# Problem details:
Starting with the line that contains "고암동 안마의자 렌탈" and stopping after the line that contains "Frame Arms Girl", copy the entries below exactly. Include nothing else.

# Supplied records:
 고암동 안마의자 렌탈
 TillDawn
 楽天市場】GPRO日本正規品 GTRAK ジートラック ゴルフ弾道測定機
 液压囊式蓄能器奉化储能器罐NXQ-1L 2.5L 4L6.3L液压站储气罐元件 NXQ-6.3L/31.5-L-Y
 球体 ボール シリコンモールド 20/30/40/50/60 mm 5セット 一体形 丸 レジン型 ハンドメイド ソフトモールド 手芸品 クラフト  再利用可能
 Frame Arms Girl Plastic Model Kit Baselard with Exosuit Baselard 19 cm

* * *

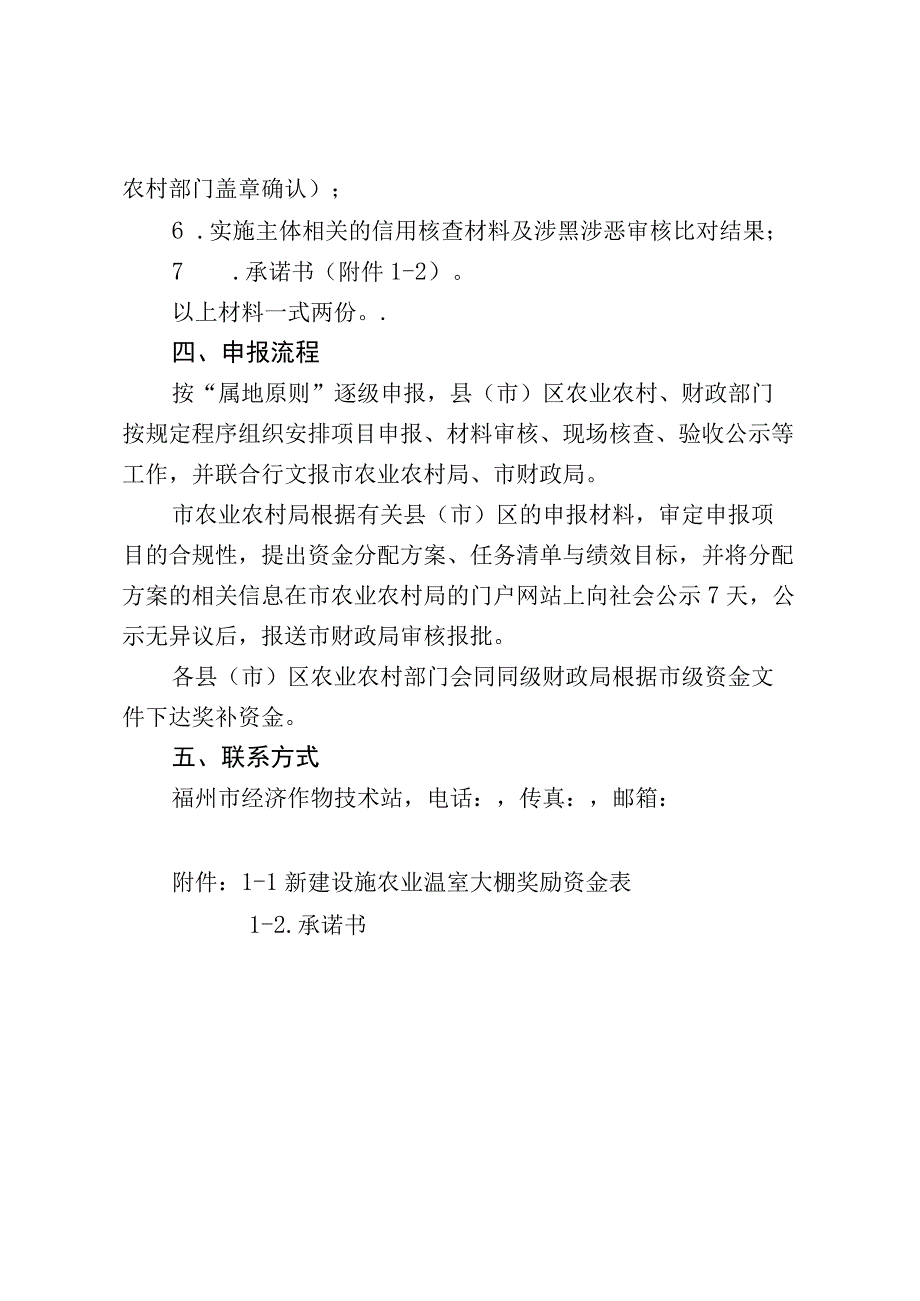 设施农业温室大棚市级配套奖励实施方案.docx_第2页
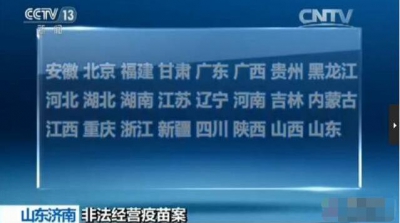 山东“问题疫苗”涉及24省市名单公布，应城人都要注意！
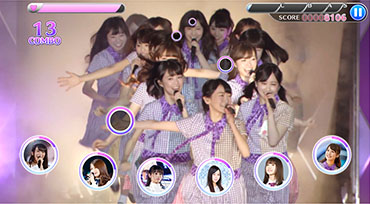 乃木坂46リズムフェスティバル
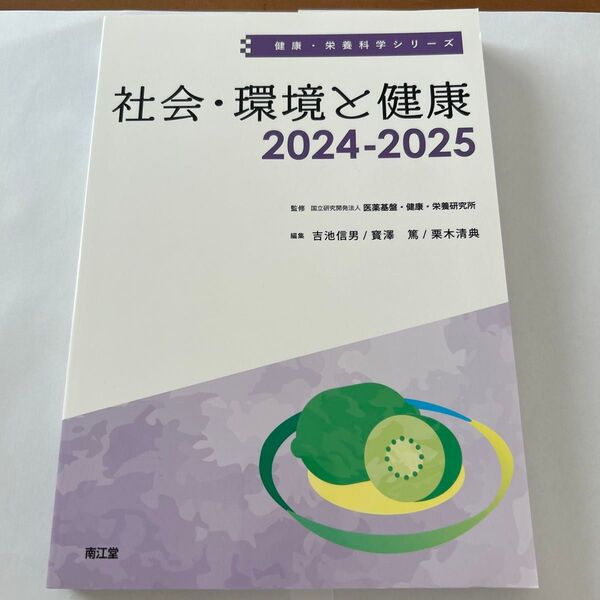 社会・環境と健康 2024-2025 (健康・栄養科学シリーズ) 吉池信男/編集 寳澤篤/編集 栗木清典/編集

# Expected answer:
 고암동 안마의자 렌탈
 TillDawn
 楽天市場】GPRO日本正規品 GTRAK ジートラック ゴルフ弾道測定機
 液压囊式蓄能器奉化储能器罐NXQ-1L 2.5L 4L6.3L液压站储气罐元件 NXQ-6.3L/31.5-L-Y
 球体 ボール シリコンモールド 20/30/40/50/60 mm 5セット 一体形 丸 レジン型 ハンドメイド ソフトモールド 手芸品 クラフト  再利用可能
 Frame Arms Girl Plastic Model Kit Baselard with Exosuit Baselard 19 cm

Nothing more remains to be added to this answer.